> [What you have to do] Transcribe the data underneath exactly. No images belong in your version.

> [Input material]
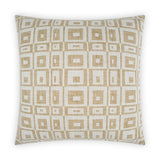 D.V. Kap Home Cubic White 24" x 24" Pillow Cover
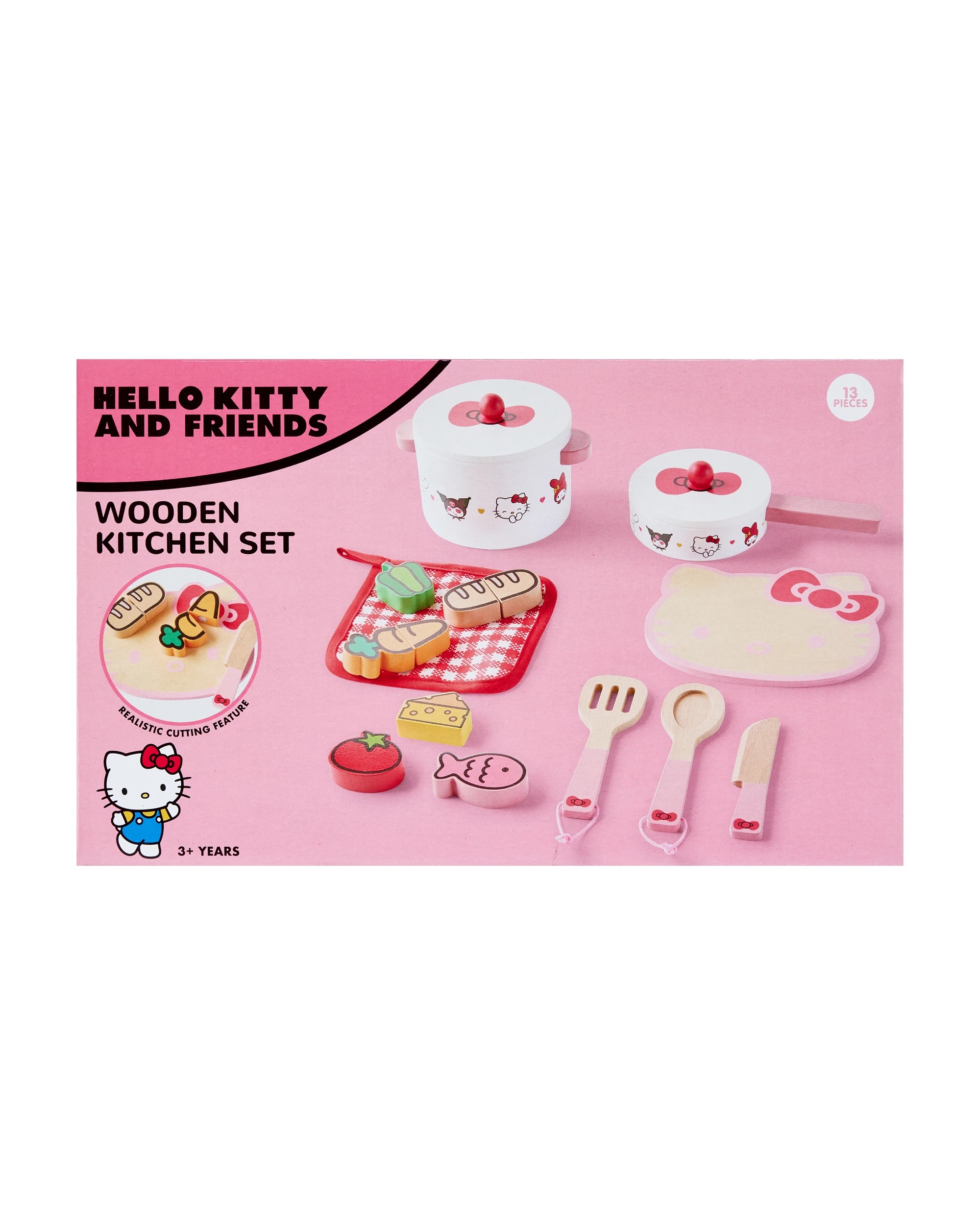 9 13 Piece Hello Kitty and Friends Wooden Kitchen Set, 9 of 10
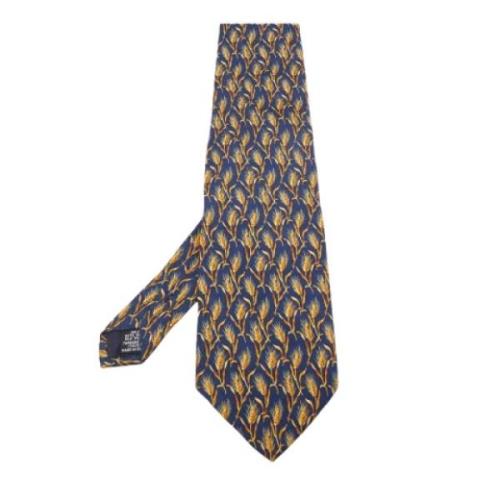 Pre-owned Navy Silk Yves Saint Laurent Tie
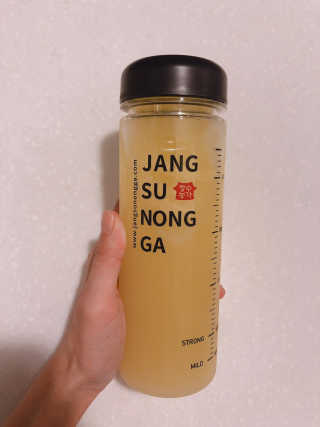 장수농가 리얼깔라만시 원샷 50ml 10팩+보틀 — 5점을 준 리뷰어가 2019년 5월 올린 사용 사진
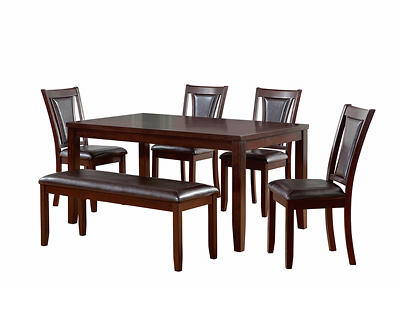 Harlow 6-Piece Dining Set with Bench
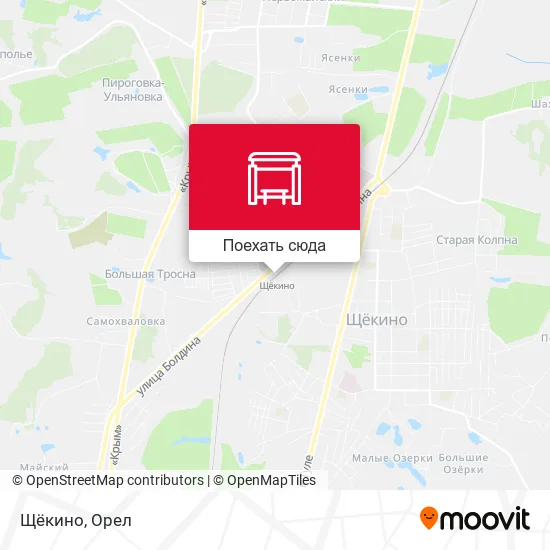Карта Щёкино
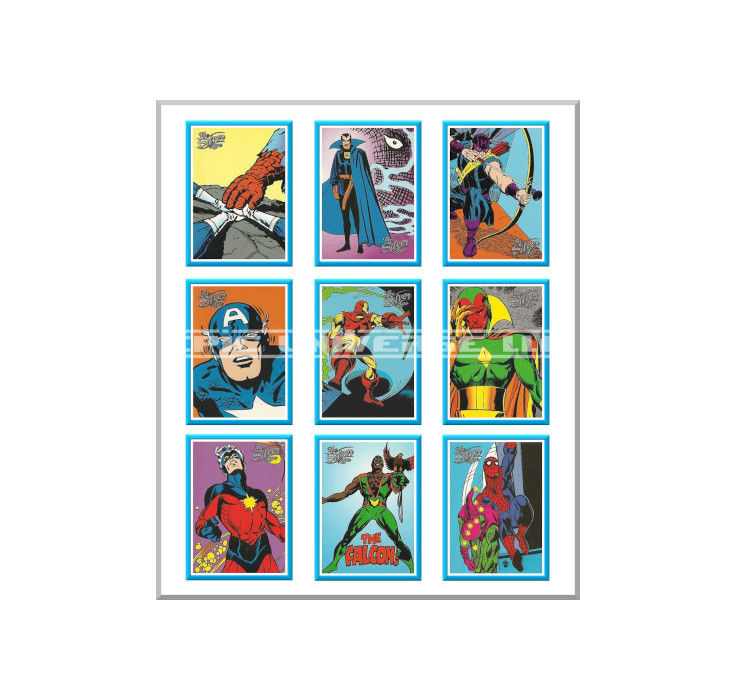 Thumbnail: Custom Made 1-Inch 1998 Marvel The Silver Age Trading Card Album Binder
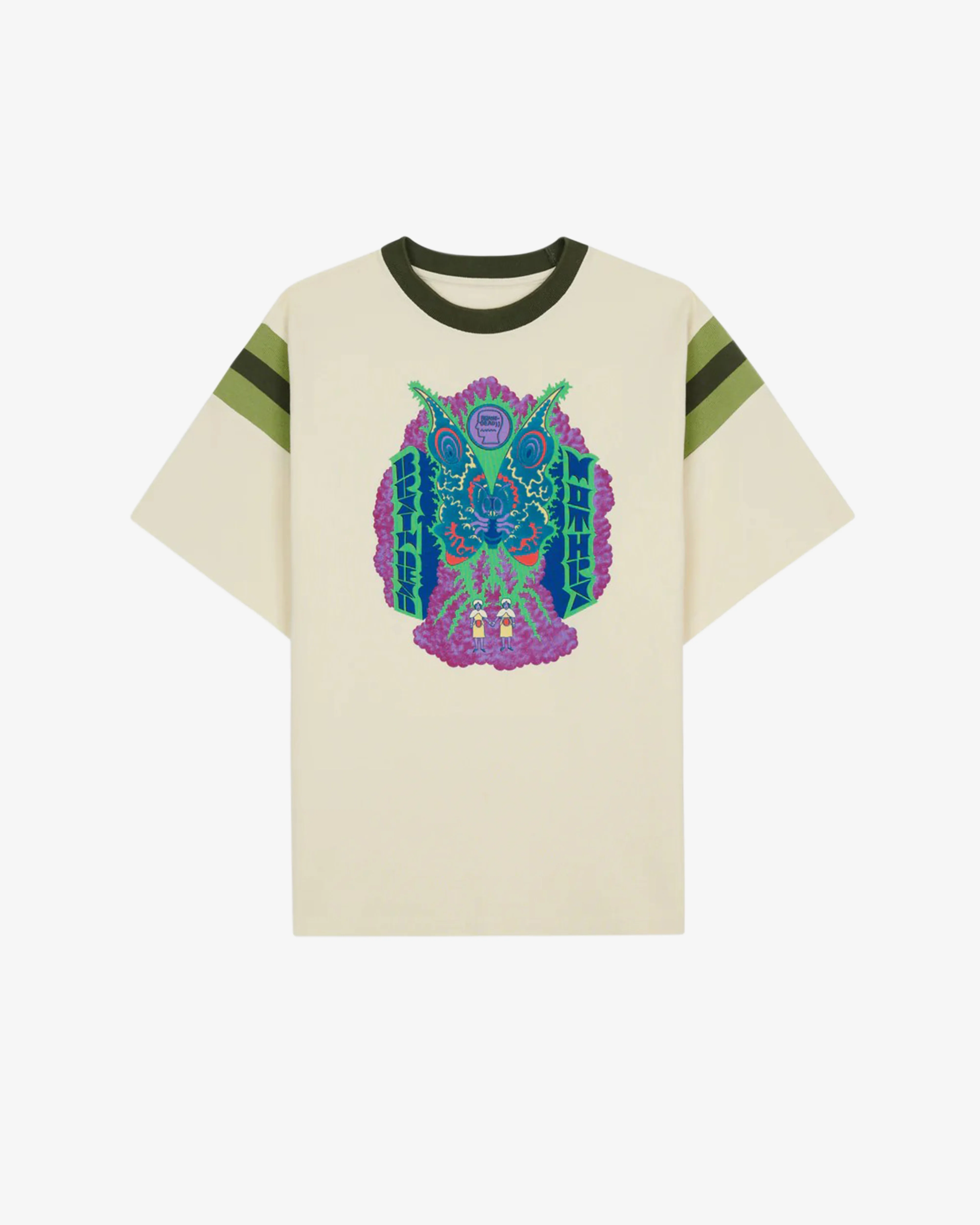 Brain Dead - Godzilla Men's Mothra Pique Football T-Shirt - (Natural)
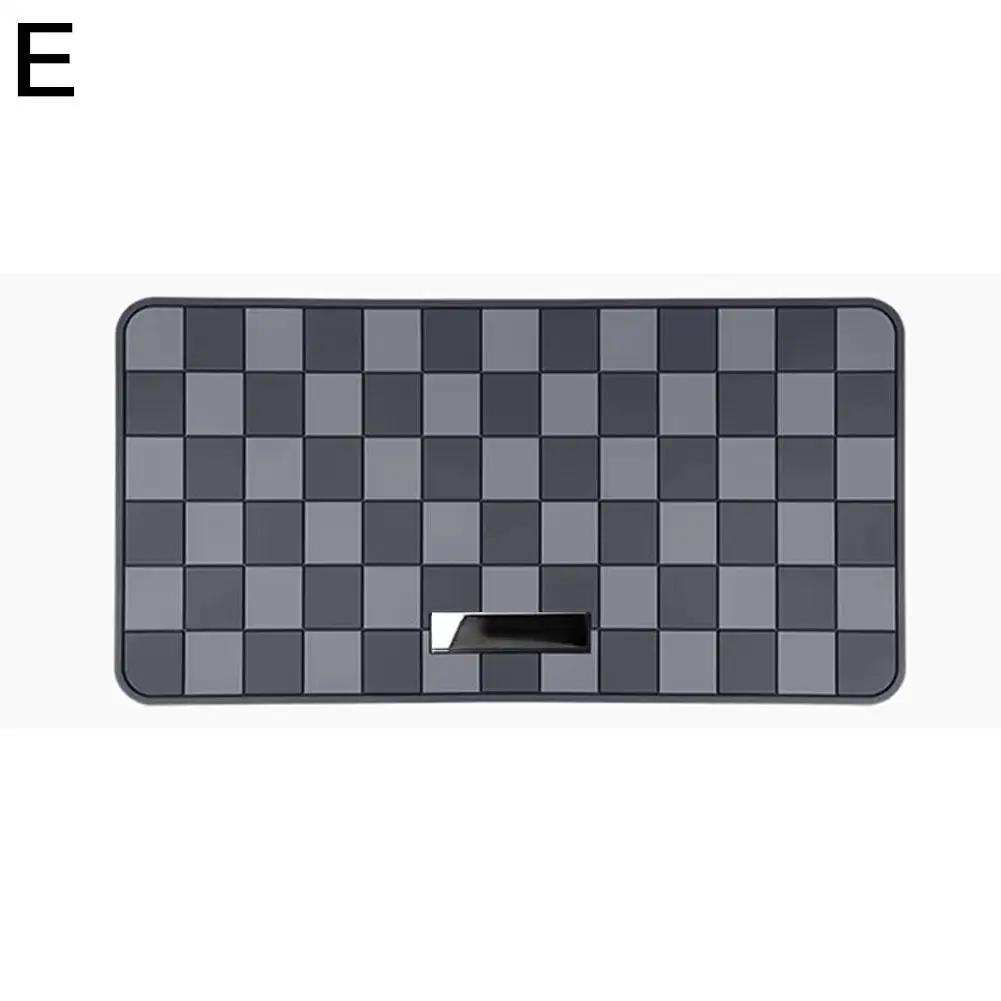 Автомобильная приборная панель Противоскользящий коврик Центральная консоль Большой Высококлассный коврик Противоскользящая Автомобильная декорация Коврик для парфюмерии Коврик для хранения N4O7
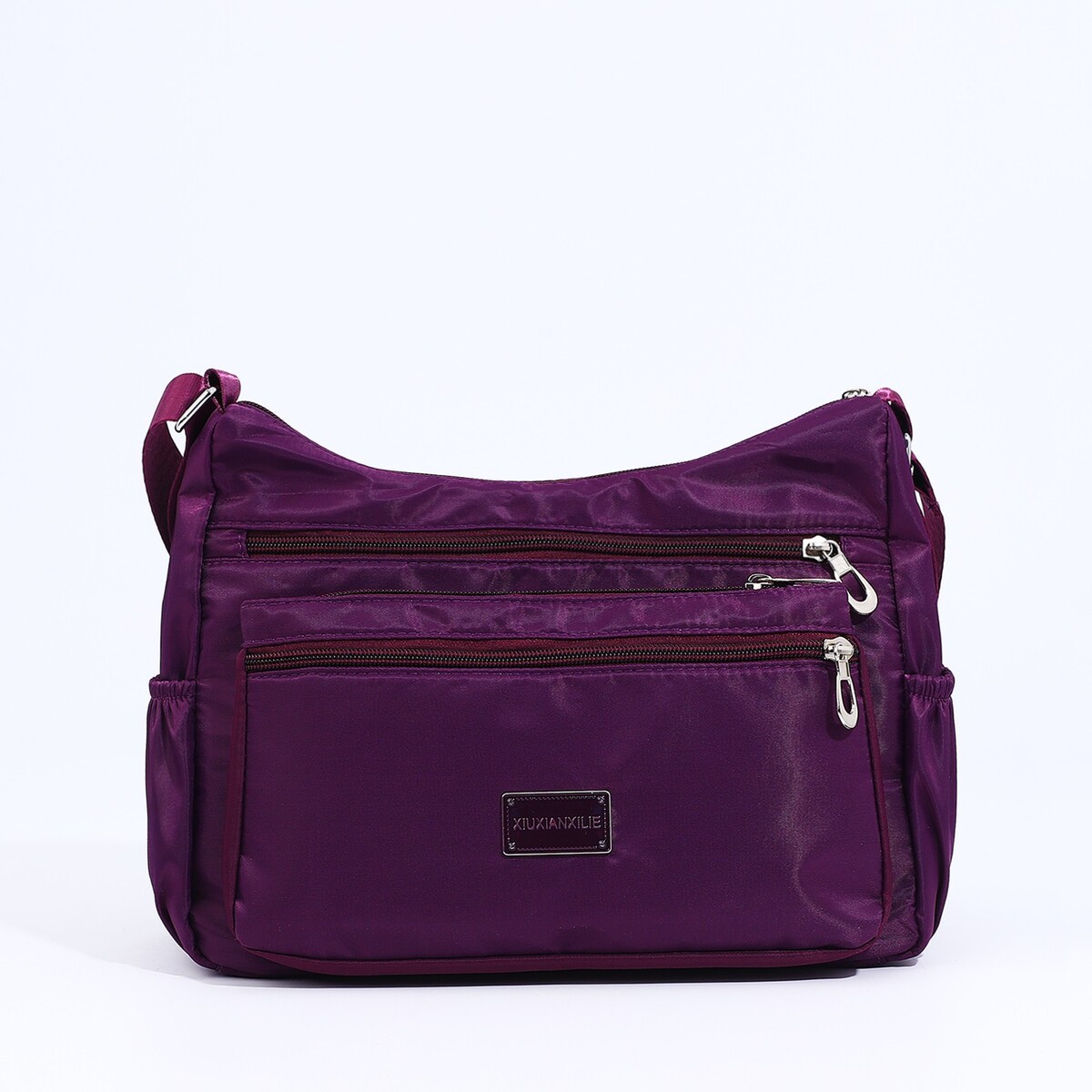 Сумка кросс-боди на молнии, цвет фиолетовый сумка кросс боди на молнии фиолетовый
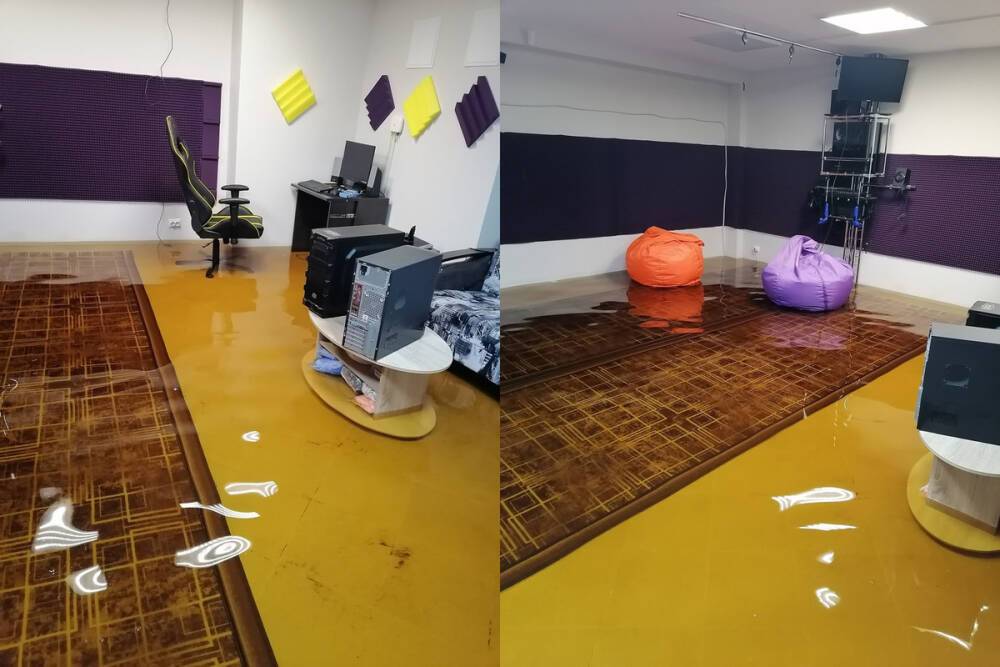 Кругом вода: клуб виртуальной реальности в городе Карелии затопило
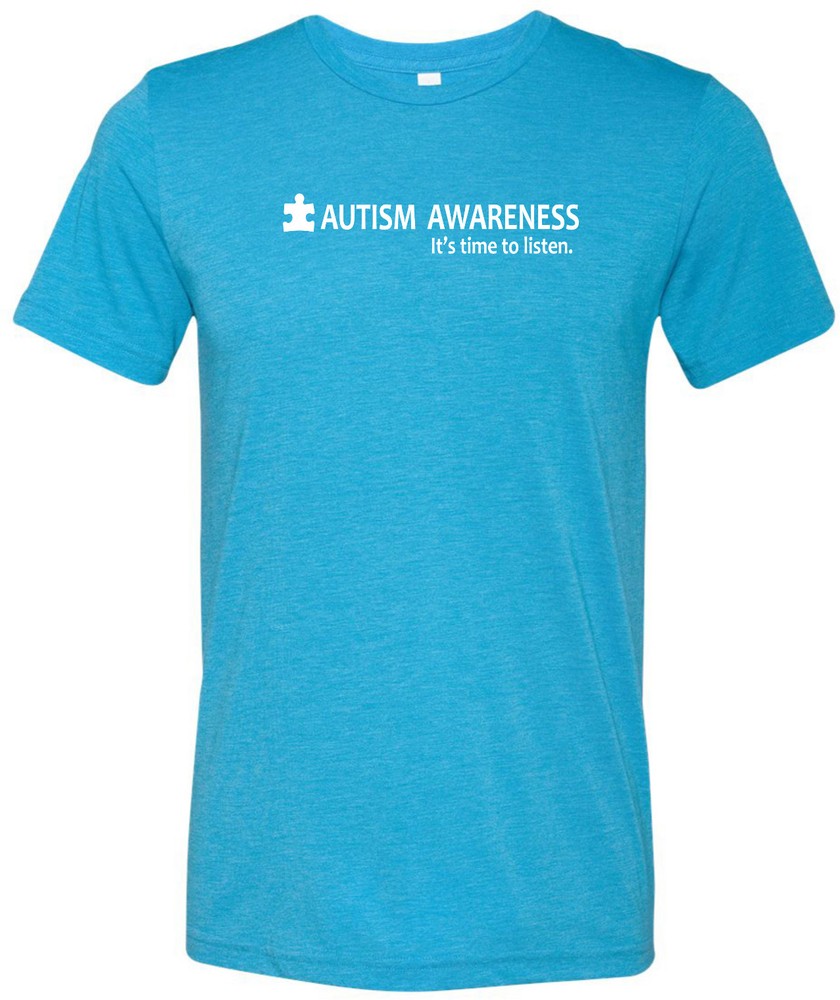 Buy Cool Shirts Autism Awareness Time to Listen Tri Blend Shirt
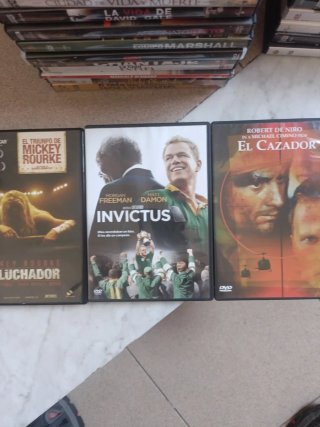 Lote 25 Películas DVD Acción/Crimen/Drama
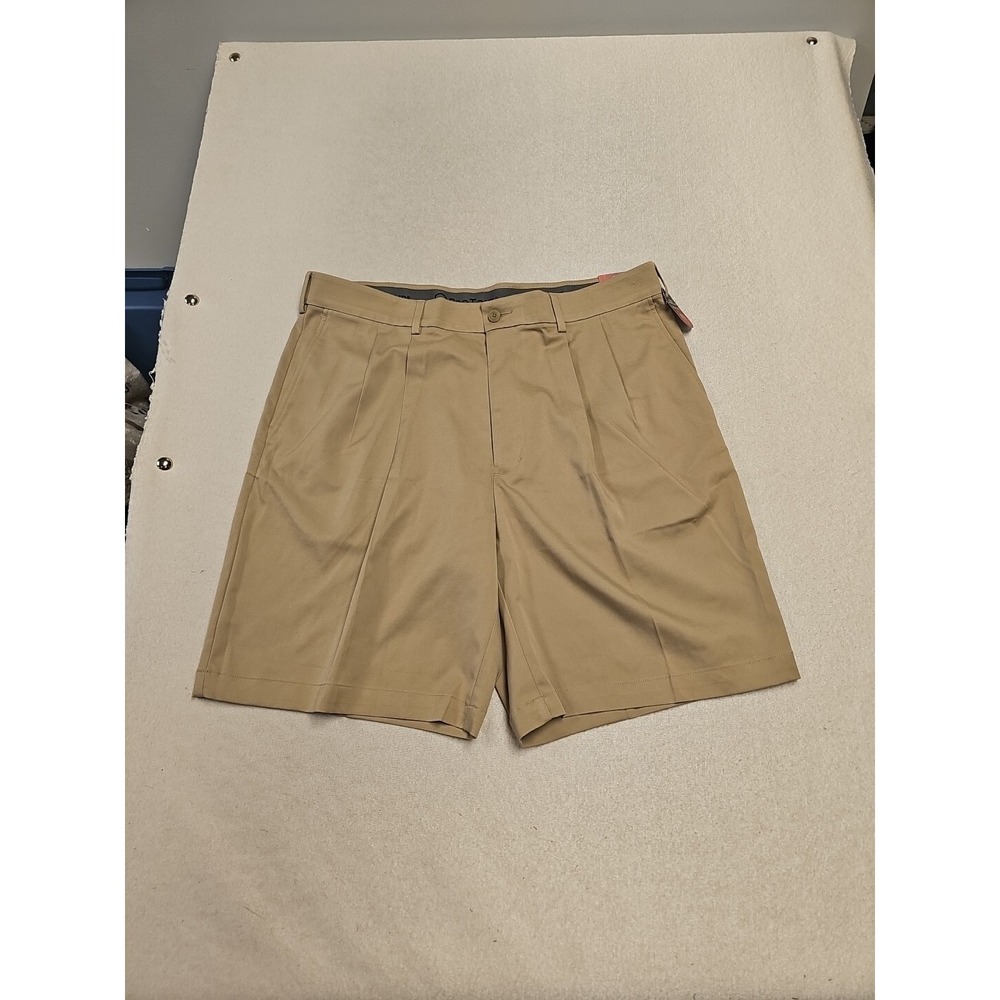NWT Pro‎ Tour Golf Shorts Men's 36" Waist 9.5" Length Polyester Tan MSRP $60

> [Answer space]
 D.V. Kap Home Cubic White 24" x 24" Pillow Cover
 9 13 Piece Hello Kitty and Friends Wooden Kitchen Set, 9 of 10
 Pre-owned Navy Silk Yves Saint Laurent Tie
 장수농가 리얼깔라만시 원샷 50ml 10팩+보틀 — 5점을 준 리뷰어가 2019년 5월 올린 사용 사진
 Harlow 6-Piece Dining Set with Bench
Карта Щёкино
 Thumbnail: Custom Made 1-Inch 1998 Marvel The Silver Age Trading Card Album Binder
 Brain Dead - Godzilla Men's Mothra Pique Football T-Shirt - (Natural)
 Автомобильная приборная панель Противоскользящий коврик Центральная консоль Большой Высококлассный коврик Противоскользящая Автомобильная декорация Коврик для парфюмерии Коврик для хранения N4O7
 Сумка кросс-боди на молнии, цвет фиолетовый сумка кросс боди на молнии фиолетовый
 Кругом вода: клуб виртуальной реальности в городе Карелии затопило
 Buy Cool Shirts Autism Awareness Time to Listen Tri Blend Shirt
 Lote 25 Películas DVD Acción/Crimen/Drama
NWT Pro‎ Tour Golf Shorts Men's 36" Waist 9.5" Length Polyester Tan MSRP $60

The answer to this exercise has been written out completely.